- Data shown
==============================

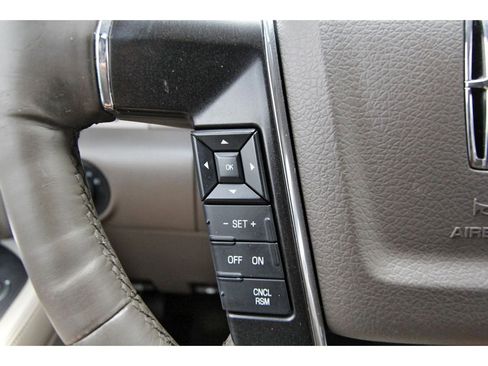 Used 2015 Lincoln Navigator 2WD image 14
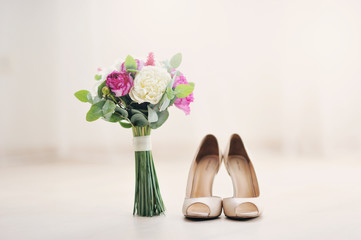 Туфли невесты и букет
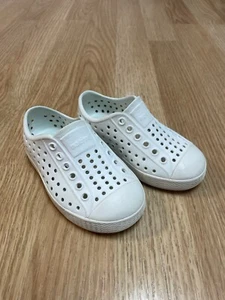 NATIVE WHITE BABY SLIP ON SHOES Children's size 6 - Picture 1 of 8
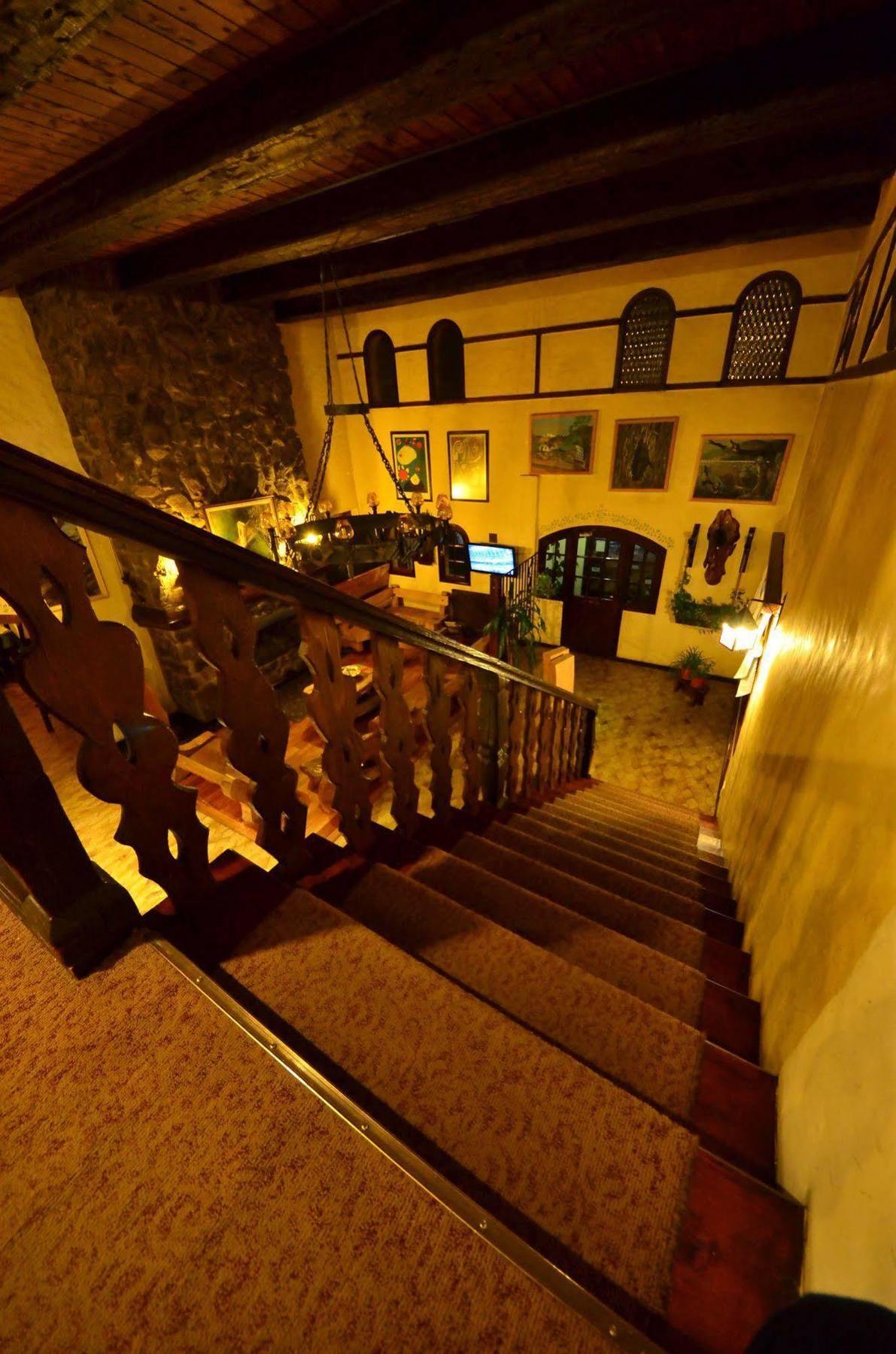 Hostería La Posta Del Cazador San Martín de los Andes Exterior foto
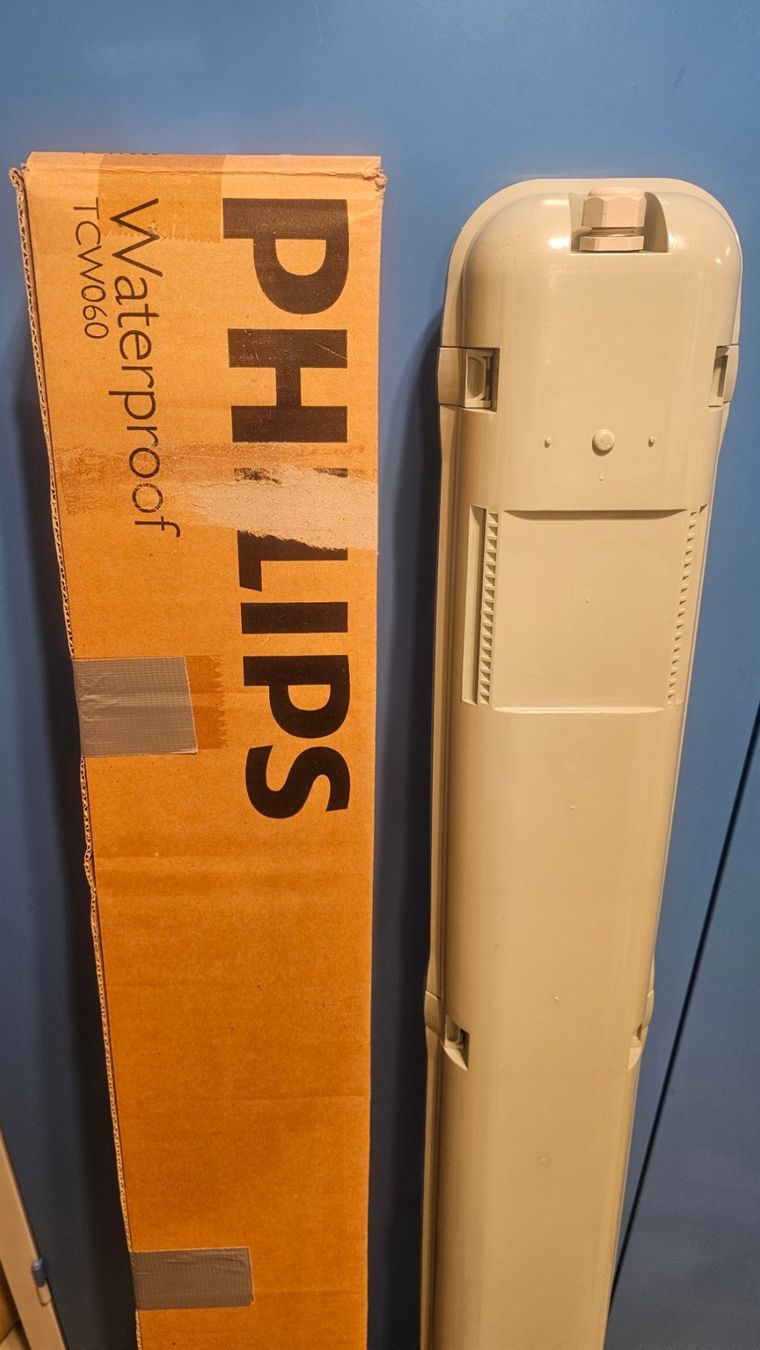 Philips Lampadari & plafoniere: Philips TCW060 Deckenbeleuchtung / 2 Stück – Nuovo (secondo la descrizione) da Therwil venduto da Blackauktionator 3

==============================

- Your assignment
Output exactly the lines from the one containing "NATIVE WHITE BABY" through the last line of the records above, both included, and leave out the pictures.

- Reply to the task
 NATIVE WHITE BABY SLIP ON SHOES Children's size 6 - Picture 1 of 8
 Hostería La Posta Del Cazador San Martín de los Andes Exterior foto
 Philips Lampadari & plafoniere: Philips TCW060 Deckenbeleuchtung / 2 Stück – Nuovo (secondo la descrizione) da Therwil venduto da Blackauktionator 3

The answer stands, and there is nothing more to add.